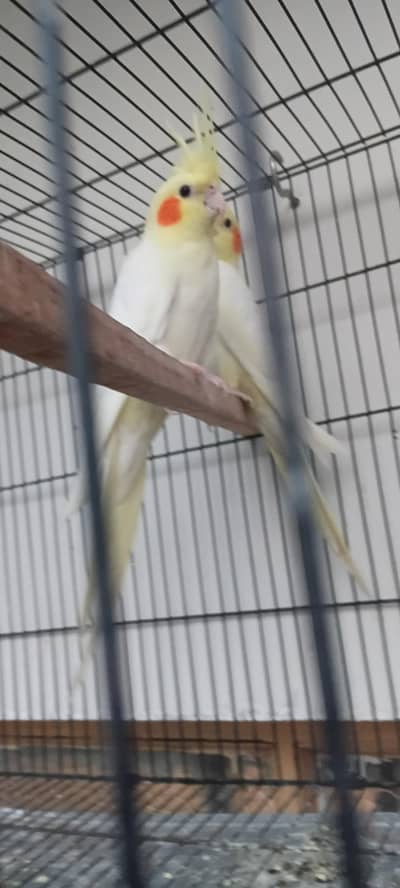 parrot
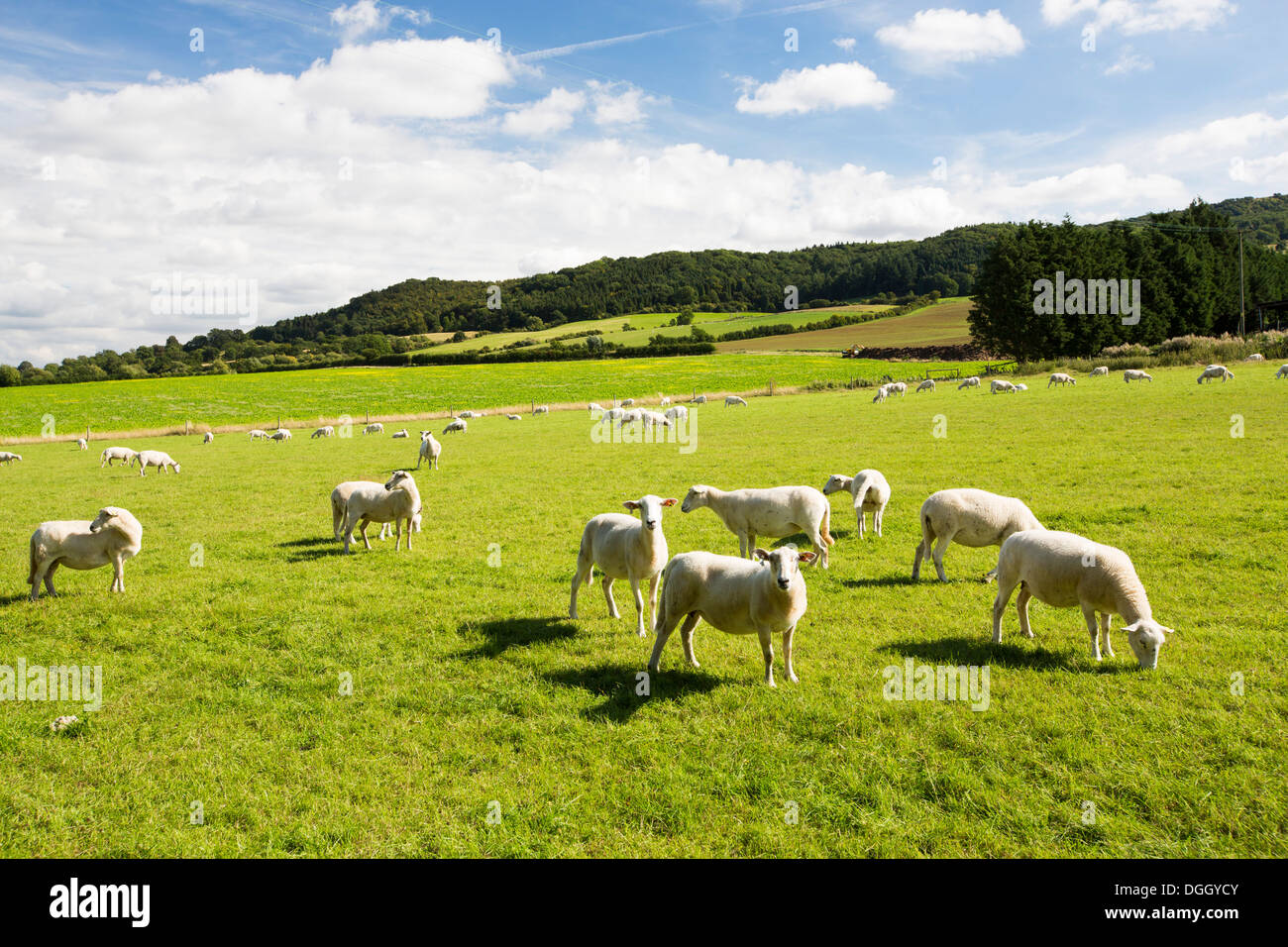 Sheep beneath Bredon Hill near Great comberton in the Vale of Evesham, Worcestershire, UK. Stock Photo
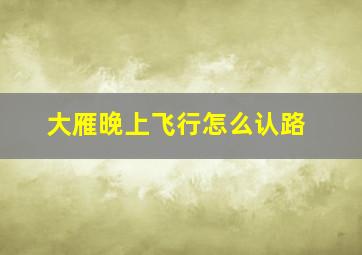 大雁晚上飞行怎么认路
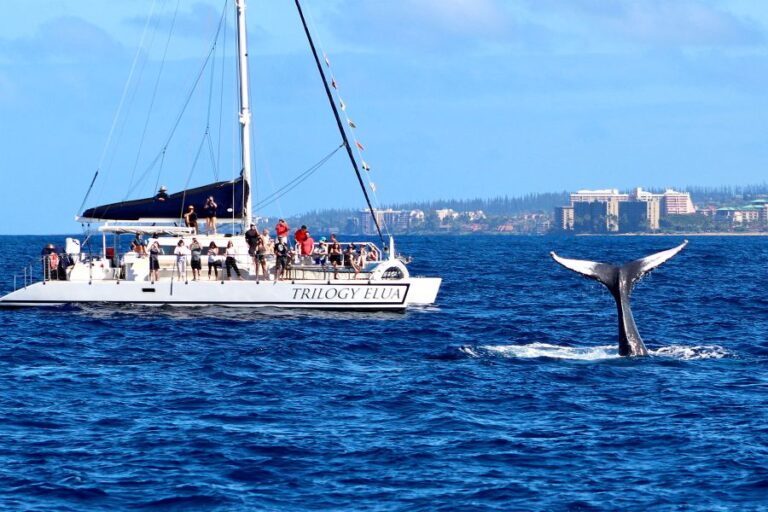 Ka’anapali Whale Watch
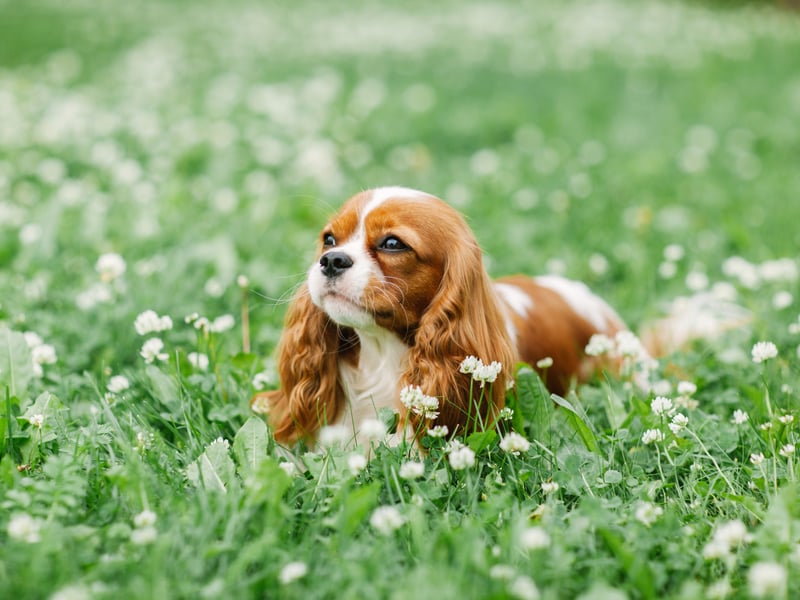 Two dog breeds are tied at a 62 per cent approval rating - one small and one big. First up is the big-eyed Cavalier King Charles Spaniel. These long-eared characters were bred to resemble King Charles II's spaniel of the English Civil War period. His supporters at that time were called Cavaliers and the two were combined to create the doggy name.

**YOUR GOAL**
Output the span from the line with "Ka’anapali Whale Watch" through the last line of the data, inclusive and exact, and omit every picture.

**YOUR RESPONSE**
 Ka’anapali Whale Watch
 Two dog breeds are tied at a 62 per cent approval rating - one small and one big. First up is the big-eyed Cavalier King Charles Spaniel. These long-eared characters were bred to resemble King Charles II's spaniel of the English Civil War period. His supporters at that time were called Cavaliers and the two were combined to create the doggy name.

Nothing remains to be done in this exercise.